Sometimes, the use of of is obligatory because of the preceding noun or verb which exerts its governing control, so to speak, over the of:

  1. And, indeed, as regards the working of the speculative faculty in the creation of history, it is in all respects marvellous how that the most truthful accounts of the passage from barbarism to civilisation in ancient literature come from the works of poets. (We usually say "(give) an account of something.")

  2. Having resolved, from the beginning, to make the best of the worst, it might almost be said that they were supported and consoled in their good intentions by a higher power. (We usually say "make the most (best, worst) (use) of something", a phrase derived from "make use of.")

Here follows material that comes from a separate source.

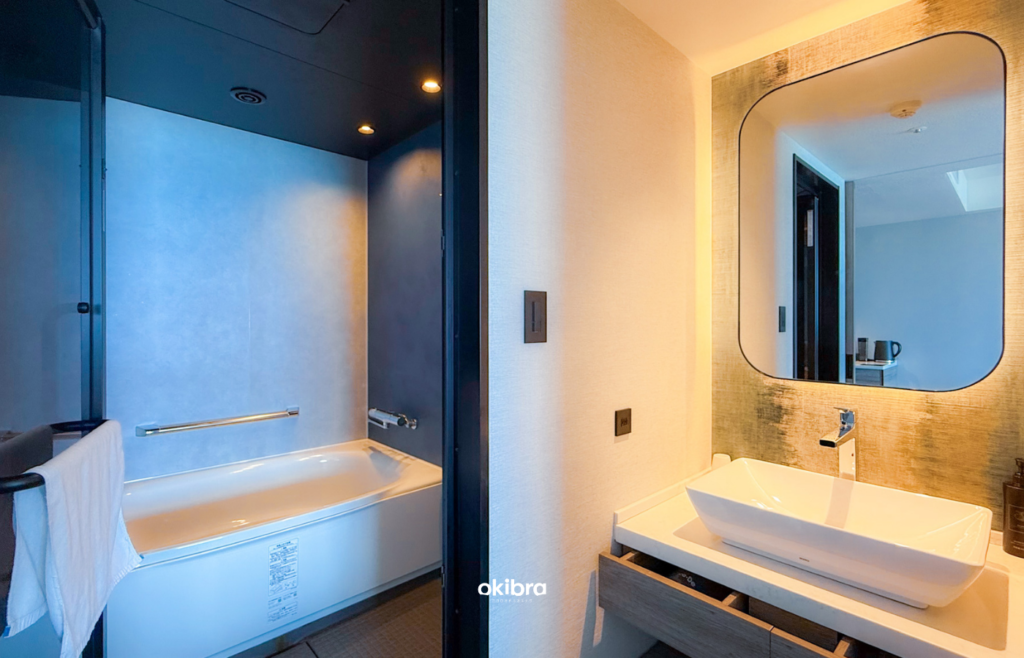 沖縄県読谷村 グランドメルキュール沖縄残波岬リゾート オールインクルーシブ 県内最大級プール 絶叫スライダー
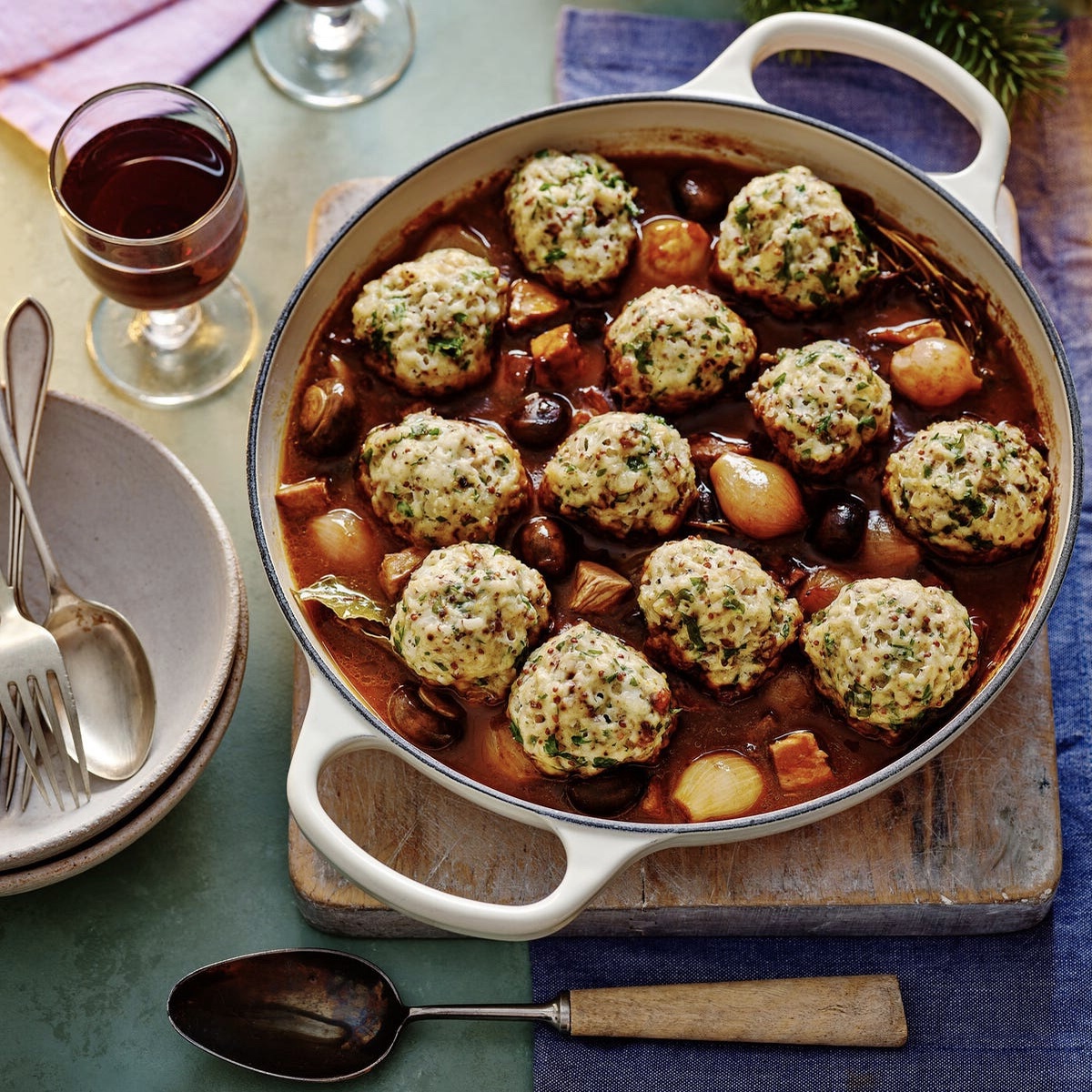 Индейка в стиле Coq Au Vin* с ореховыми клёцками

Or because of temporal expressions like "of the day (decade, year, etc.)":

  1. It was the most stunning surprise of the decade.

  2. Just because they were so many, and all feverishly fighting to get the same things at the same time, they were all excited, happy and at ease. It was the most momentous period of the year: the height of the "dress makers' season."

  3. He was the most important capture of the day, and used with all consideration.

On the other hand, in may not be the only preposition available for the sense of location. On might be more desirable on certain occasions if one is thinking of a surface instead of the state of being inside something:

  1. His farm was one of the best on the banks of the Neshaminy, and he also enjoyed the annual interest of a few thousand dollars, carefully secured by mortgages on real estate.

There are still other occasions when of is obligatory or some other preposition might be used instead of in.

Chuncan Feng

Chuncan Feng has produced a marvelous study. Bravo!